The most obvious issue of consent, or lack thereof, is between Burnham and Tyler/Voq. Burnham believes that she is entering into a relationship ship with the human Lt. Ash Tyler; as someone whose parents were killed by Klingons it can be reasonably assumed that Burnham would not willingly become intimate with one. Can someone offer consent if they do not have all of the information? Can consent be given under false pretenses? Absolutely not. Star Trek: Discovery does not go so far as to claim that the intimate acts between Burnham and Tyler/Voq amounted to sexual assault, but without true consent that is exactly what they were and it is a little reckless to not do so. It cannot be highlighted enough that only honesty can lead to true consent and anything less is unacceptable.

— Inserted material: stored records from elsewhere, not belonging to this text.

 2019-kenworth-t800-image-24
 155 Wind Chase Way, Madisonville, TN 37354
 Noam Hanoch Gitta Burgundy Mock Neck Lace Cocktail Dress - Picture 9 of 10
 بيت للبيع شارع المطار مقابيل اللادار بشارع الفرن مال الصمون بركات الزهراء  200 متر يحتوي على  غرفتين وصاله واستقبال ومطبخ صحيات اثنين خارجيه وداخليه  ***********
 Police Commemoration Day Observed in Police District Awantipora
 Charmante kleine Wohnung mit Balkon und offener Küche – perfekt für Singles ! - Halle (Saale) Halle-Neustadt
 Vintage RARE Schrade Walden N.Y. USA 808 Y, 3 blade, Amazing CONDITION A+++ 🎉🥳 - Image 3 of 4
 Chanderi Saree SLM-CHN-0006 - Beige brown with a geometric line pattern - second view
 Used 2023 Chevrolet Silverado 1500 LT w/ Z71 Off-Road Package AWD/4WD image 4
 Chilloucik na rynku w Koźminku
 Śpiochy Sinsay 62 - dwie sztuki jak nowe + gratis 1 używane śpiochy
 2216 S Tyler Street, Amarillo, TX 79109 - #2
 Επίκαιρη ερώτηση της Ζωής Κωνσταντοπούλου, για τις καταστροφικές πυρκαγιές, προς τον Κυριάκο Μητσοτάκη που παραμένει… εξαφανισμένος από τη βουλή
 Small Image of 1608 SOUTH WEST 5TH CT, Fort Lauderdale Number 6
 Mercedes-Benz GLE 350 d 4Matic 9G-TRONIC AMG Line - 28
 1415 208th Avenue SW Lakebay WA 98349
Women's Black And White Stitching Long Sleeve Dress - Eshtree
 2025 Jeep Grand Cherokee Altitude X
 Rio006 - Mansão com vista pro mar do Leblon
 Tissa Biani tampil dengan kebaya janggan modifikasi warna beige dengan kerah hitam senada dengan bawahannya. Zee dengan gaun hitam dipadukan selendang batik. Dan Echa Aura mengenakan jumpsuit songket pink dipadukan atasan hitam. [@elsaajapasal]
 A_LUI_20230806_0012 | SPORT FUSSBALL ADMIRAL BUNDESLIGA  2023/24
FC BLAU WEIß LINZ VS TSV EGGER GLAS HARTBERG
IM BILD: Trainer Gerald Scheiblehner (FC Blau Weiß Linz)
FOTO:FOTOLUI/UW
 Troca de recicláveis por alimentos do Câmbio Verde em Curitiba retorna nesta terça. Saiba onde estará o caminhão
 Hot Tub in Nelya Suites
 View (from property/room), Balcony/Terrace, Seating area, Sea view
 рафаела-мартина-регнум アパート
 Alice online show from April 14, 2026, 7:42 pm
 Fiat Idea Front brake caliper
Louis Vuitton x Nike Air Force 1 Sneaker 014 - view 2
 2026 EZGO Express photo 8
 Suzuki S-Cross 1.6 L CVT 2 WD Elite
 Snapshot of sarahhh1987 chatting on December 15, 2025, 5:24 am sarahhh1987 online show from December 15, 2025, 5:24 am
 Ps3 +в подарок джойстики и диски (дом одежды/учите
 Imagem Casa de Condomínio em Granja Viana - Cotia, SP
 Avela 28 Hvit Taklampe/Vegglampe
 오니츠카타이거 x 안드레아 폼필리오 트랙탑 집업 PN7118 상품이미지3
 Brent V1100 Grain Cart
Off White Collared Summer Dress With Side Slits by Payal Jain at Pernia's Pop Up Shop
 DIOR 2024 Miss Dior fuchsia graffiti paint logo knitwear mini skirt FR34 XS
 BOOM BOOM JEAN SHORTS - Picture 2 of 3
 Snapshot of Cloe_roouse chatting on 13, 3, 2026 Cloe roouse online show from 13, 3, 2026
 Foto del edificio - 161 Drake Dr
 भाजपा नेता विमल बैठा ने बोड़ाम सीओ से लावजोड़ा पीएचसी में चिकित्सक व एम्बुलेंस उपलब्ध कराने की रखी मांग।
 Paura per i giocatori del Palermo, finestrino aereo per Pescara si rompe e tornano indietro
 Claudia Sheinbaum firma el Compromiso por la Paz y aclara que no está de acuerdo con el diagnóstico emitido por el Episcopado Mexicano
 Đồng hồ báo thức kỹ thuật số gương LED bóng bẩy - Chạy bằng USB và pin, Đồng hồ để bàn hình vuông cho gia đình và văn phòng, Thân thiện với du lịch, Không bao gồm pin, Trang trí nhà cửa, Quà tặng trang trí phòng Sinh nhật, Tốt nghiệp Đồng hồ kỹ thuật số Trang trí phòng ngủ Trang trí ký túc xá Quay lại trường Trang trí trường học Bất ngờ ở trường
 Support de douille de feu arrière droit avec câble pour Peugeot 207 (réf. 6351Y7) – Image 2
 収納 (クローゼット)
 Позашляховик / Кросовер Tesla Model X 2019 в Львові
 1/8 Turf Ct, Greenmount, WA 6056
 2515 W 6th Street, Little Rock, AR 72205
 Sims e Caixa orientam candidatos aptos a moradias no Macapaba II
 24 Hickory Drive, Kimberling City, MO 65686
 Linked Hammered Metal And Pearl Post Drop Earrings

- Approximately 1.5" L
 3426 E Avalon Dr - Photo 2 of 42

It should also be pointed out that there is another victim here – Ash Tyler, as he surely did not consent to being used and manipulated for the gain of the Klingons. The question is how much of a victim the show’s writers are allowing him to be. Eventually the consciousness of Voq is stripped away from Tyler, but he is still a genetically modified Klingon with the overlay of a human mind. Tyler was part of the equation, if not all of it. He doesn’t get a free pass just because he was also a victim. As he became aware of what was happening he made a choice to continue his relationship with Burnham. Perhaps only the real Tyler who was left behind on the Klingon prison ship (as fansites suppose) is the other true victim along with Burnham.
If you or someone you know has experienced sexual assault or rape, it is important to know you are not alone. The #MeToo movement has shown us just how widespread sexual harassment and assault is and how many people have kept it a secret for so long. Trust your instincts, if it feels like assault it is assault. Find a trusted friend, family member and don’t be afraid of your own voice. There are many resources available to help you manage the healing, both physically and spiritually, including:
- Sexual Assault Nurse Examiner Program provides medical attention to sexual assault survivors
- Nurses on-call 24-hours, trained to help sexual assault survivors.